Wrapping Up ggplot + Grammar of Data Manipulation

Albert Y. Kim
Friday 2015/01/30

Questions from Last Time

What up with the geom_bar(stat = "identity") code from last time?

The default stat for bar plots is “bin”. Meaning if the data are already binned, we don't want to re-bin them again, so we set stat="identity" meaning take the numbers as they are.

See R code.

qplot

The qplot() command (Chapter 2 in ggplot text) describes a way to make “quick” plots, such as simple histograms and scatterplots.

It's built using all the grammar of graphics and you add layers.

See R code.

UC Berkeley Admissions

Male vs female admissions

plot of chunk unnamed-chunk-2

UC Berkeley Admissions

Go to R code.

Simpsons' Paradox

Next in our Data Toolbox...

alt text

Data Manipulation

We now discuss a grammar for data manipulation. Other terms for “data manipulation” include:

  • data wrangling
  • data munging
  • The New York Times takes a rather pessimistic view.
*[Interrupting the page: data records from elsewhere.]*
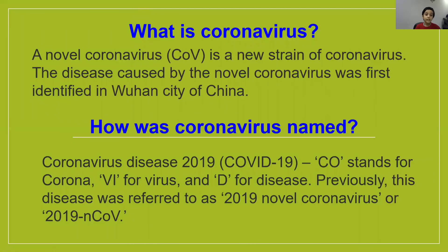What is coronavirus? A novel coronavirus, CoV, is a new strain of coronavirus. The disease caused by the novel coronavirus was first identified in Wuhan city of China. Coronavirus disease 2019 is called COVID-19. In the word COVID-19, CO stands for corona, VI stands for virus, and D stands for disease. So the word COVID-19 means coronavirus disease 2019.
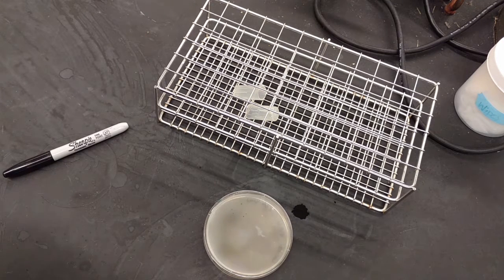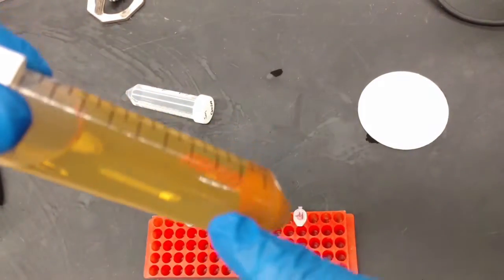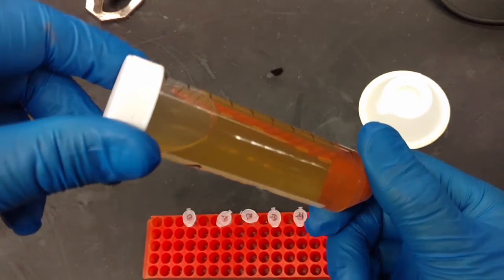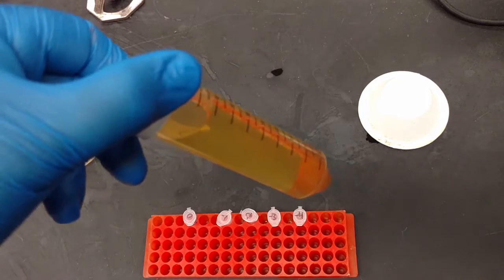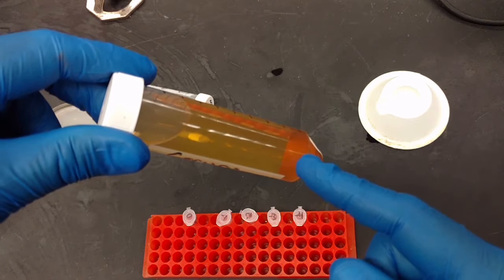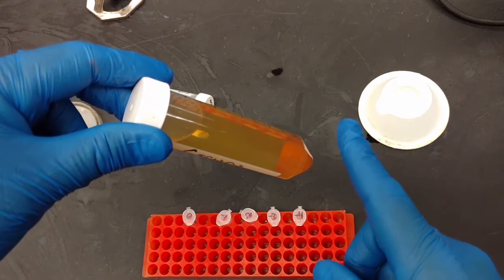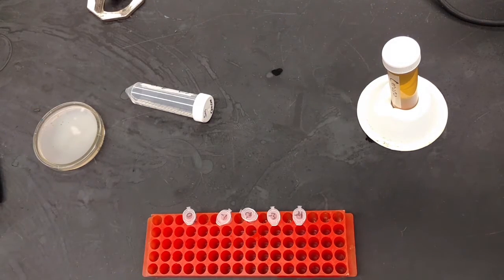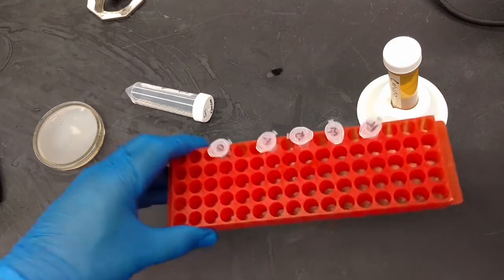We just took the enrichment out of the centrifuge and you can see the soil and bacteria have all been pushed to the bottom — we have a supernatant with bacteria and phage floating in it. We want to get the phage out. The lab manual says to dump it into a new 50 mil conical, but you only need to do that if the pellet is super loose and you have to centrifuge it again. If the pellet is nice and tight like this, you're going to filter it.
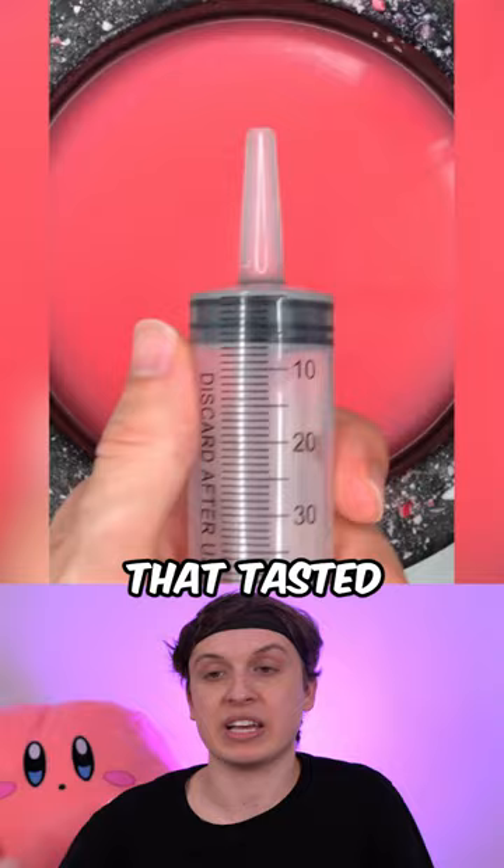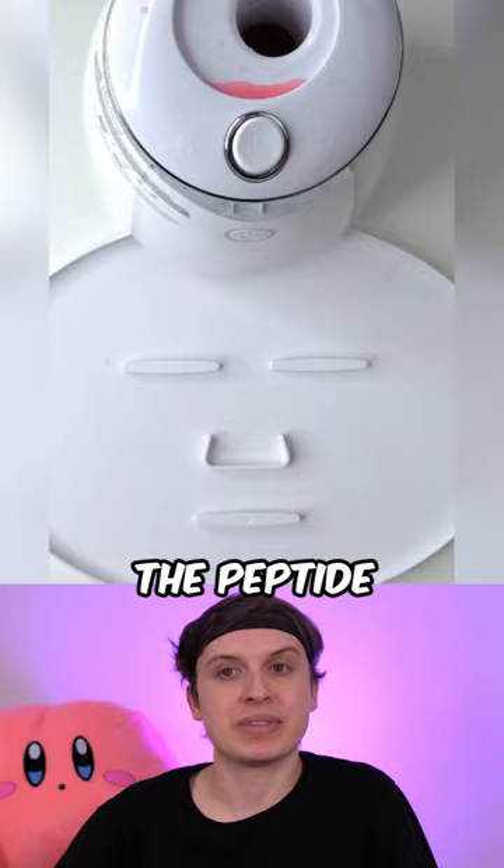Inject the peppermint, add the peptide, turn it on and dispense. My hand got a little sore from smashing so much by the end of this video. But let's give it an A.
Grammar of Data Manipulation

Most data manipulations can be achieved by the following verbs on a “tidy” data frame:

  1. filter: keep rows matching criteria
  2. summarise: reduce variables to values
  3. mutate: add new variables
  4. arrange: reorder rows
  5. select: pick columns by name

Each of these is a command from the dplyr package.

Grammar of Data Manipulation

The beauty of this “grammar” (and the grammar of graphics) is that it is programming language/software agnostic.
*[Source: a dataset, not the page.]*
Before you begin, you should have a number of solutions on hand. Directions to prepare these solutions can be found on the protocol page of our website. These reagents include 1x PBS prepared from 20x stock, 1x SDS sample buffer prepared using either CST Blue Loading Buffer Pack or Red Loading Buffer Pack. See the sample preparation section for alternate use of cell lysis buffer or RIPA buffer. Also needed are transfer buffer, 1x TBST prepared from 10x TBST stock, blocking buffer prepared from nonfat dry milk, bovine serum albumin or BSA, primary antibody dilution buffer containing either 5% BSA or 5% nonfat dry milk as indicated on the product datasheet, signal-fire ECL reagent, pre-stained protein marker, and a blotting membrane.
Even if later on your don't end up using R, the previous five verbs is still how you would think about manipulating your data.

Other Important Concepts

  • piping: the %>% command, described as “then”.
  • boolean algebra: statements that evaluate to TRUE or FALSE.
  • grouping: define groupings on a categorical variable via the group_by() command that is useful for summarise()'ations.

Other Concepts: piping

The %>% command, described as “then”. This saves you from a morass of nesting.

For example ex: say you want to apply functions h() and g() and then f() on data x. You can do

  • f(g(h(x))) OR
  • h(x) %>% g() %>% f()

This allows for sequential breaking down of tasks, allowing you and more importantly others to understand what you are doing!
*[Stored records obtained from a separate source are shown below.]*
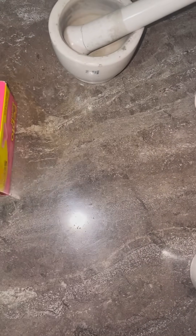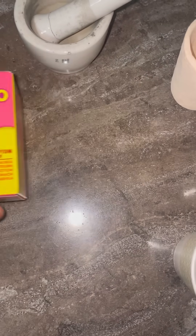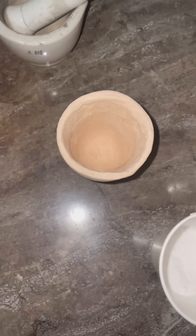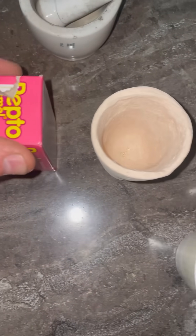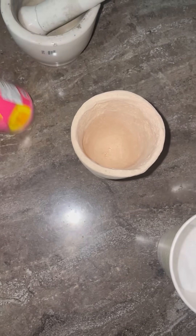Hi everyone, Cody here. I got the idea to use Pepto-Bismol instead of lead for a fire assay, so let's grind up some of these pills and see if this will actually work.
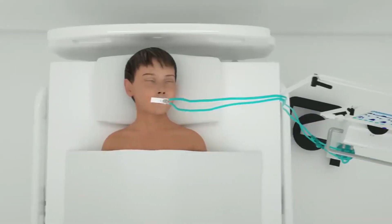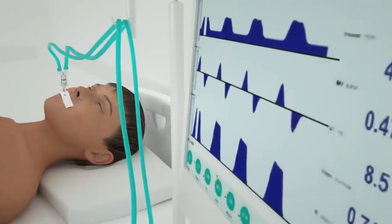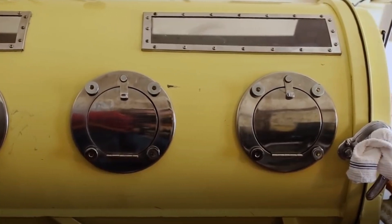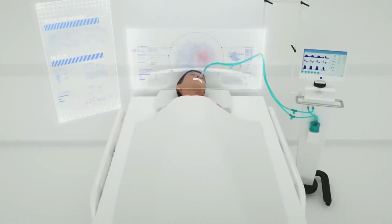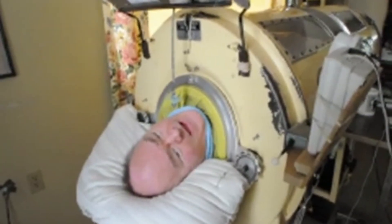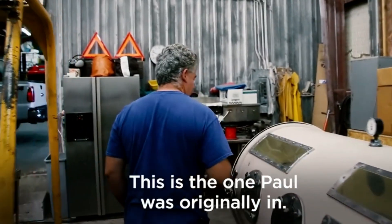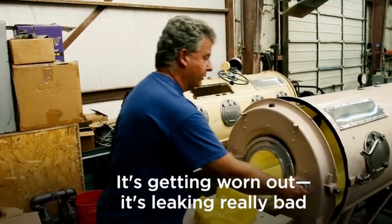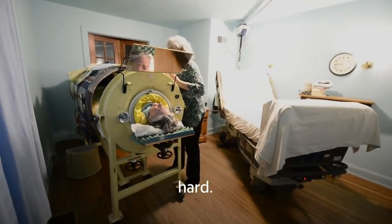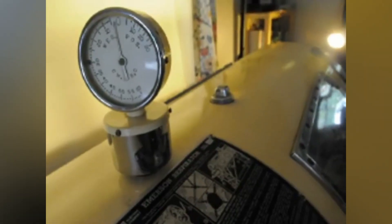Since modern technology has revolutionized the healthcare industry, respiratory devices like ventilators have become increasingly sophisticated. Have you ever wondered how the traditional iron lung machine differs from modern-day ventilators? Iron lungs have been used to treat various respiratory ailments for over a century. The traditional iron lung machine is a large cylindrical tank with a door that opens at one end. Patients would lie down inside the tank, and the machine would force air in and out of their lungs by altering the pressure within the chamber.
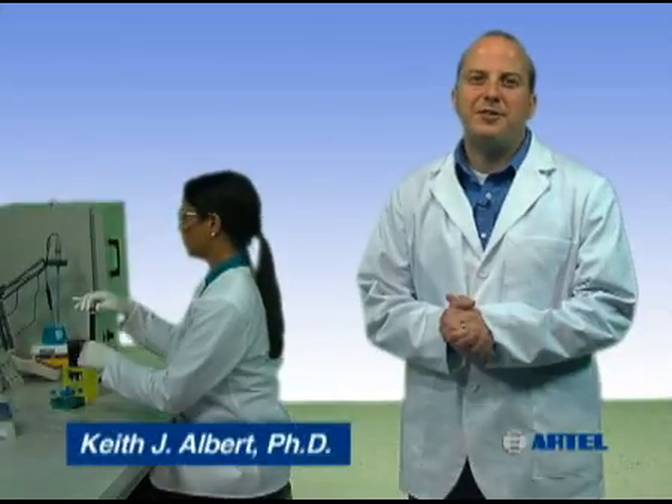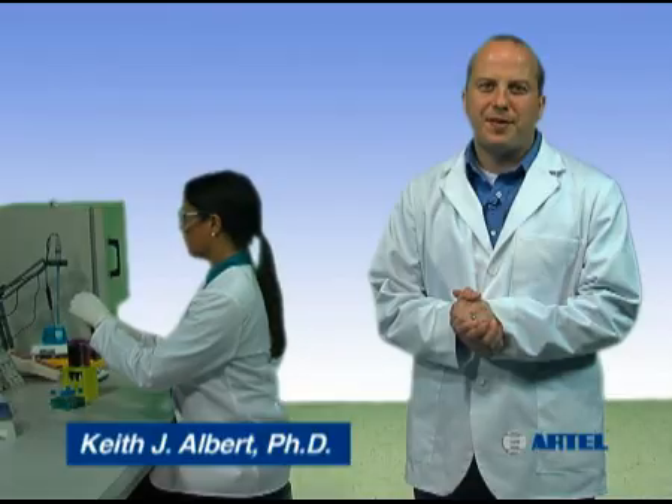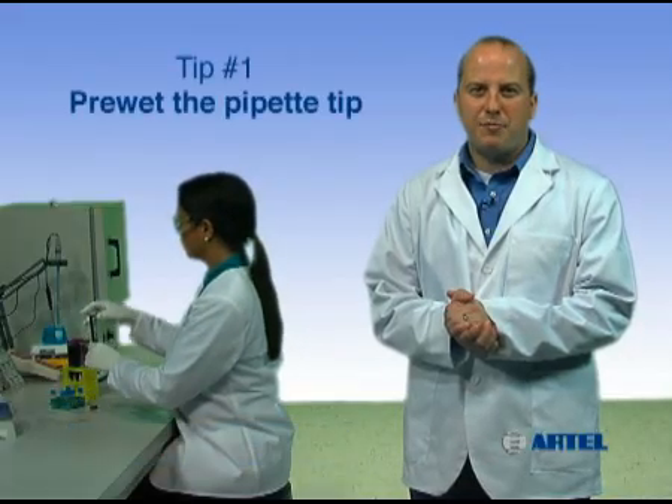Build confidence in your assay results by using proper pipetting technique. Pipetting tip number one: pre-wet the pipet tip.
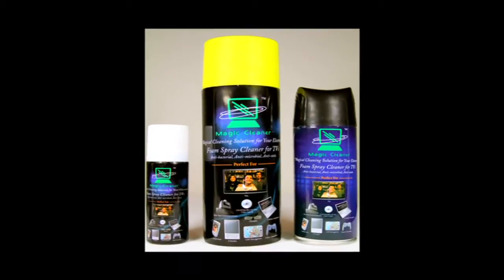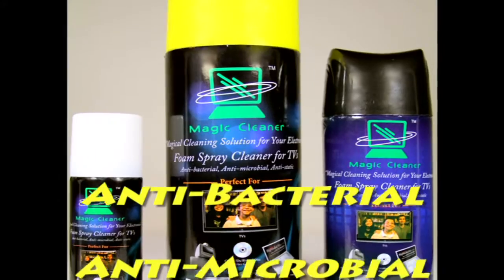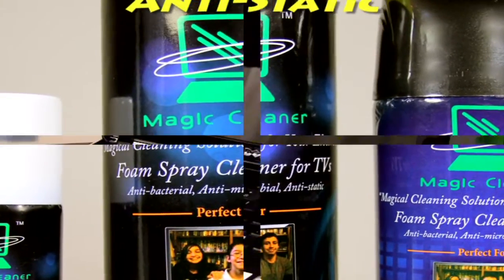MagicCleaner is the safest way to clean all your electronics. It's antibacterial, antimicrobial, and anti-static. The antibacterial and antimicrobial will keep working for 7 days.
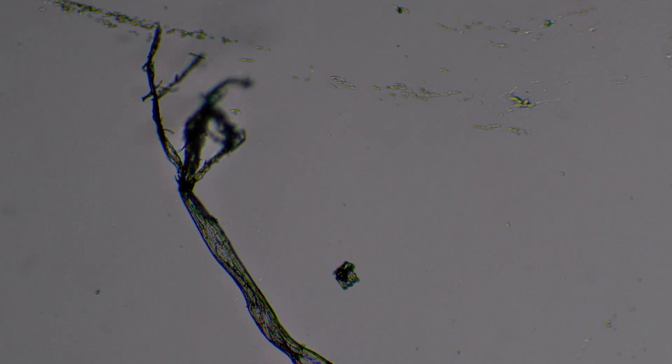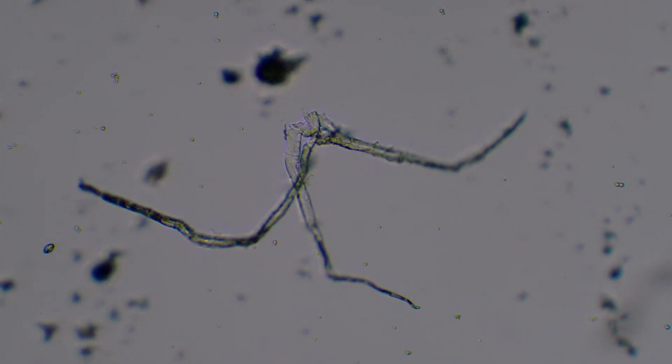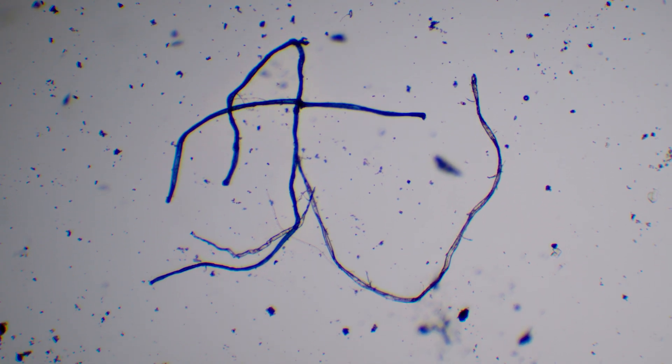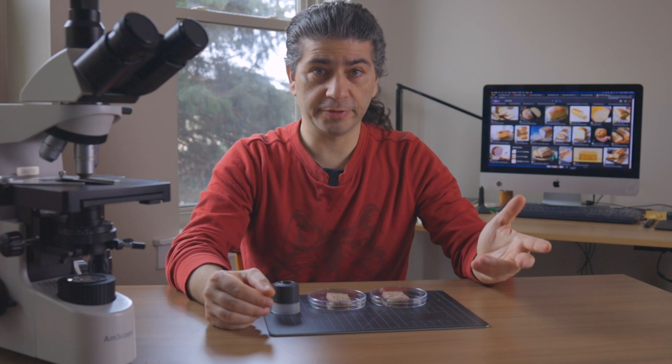Hyphae are the continuously growing network of filaments that digest, reproduce, and decide where to invade next. Some hyphae can produce neurotoxins as a by-product while executing these tasks.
Other Concepts: Boolean Algebra

  • == equals
    • Ex: 5 == 3 yields FALSE
  • != not equal to
    • Ex: 5 != 3 yields TRUE
  • | or
    • Ex: 5 < 3 | 5 < 10 yields TRUE
  • & and
    • Ex: 5 < 3 | 5 < 10 yields FALSE
  • %in% is x in y?
    • Ex: c(1, 3, 2) %in% c(1, 2) yields TRUE FALSE TRUE

Task for Next Time

We need to install the dev_tools package. Unfortunately, you can't just download it from CRAN (i.e. directly from RStudio as we've been doing). Follow the instructions here. Beforehand

  • Mac users: Install Apple's software development kit Xcode. Huge file!
  • Windows users: Ensure you have R v. 3.1.2 (run sessionInfo() in R), and install Rtools32.exe

Then run

devtools::install_github("hadley/rvest")
library(rvest)

and ensure the package rvest loads.

Why?

if (!require("rvest")) devtools::install_github("hadley/rvest")
library(rvest)
webpage <- html("http://en.wikipedia.org/wiki/List_of_Stanley_Cup_champions")
stanley.cup <- webpage %>% html_nodes("table") %>% .[[3]] %>% html_table()

Cheat Sheet

Get comfortable with this: dplyr cheat sheet from the folks at RStudio.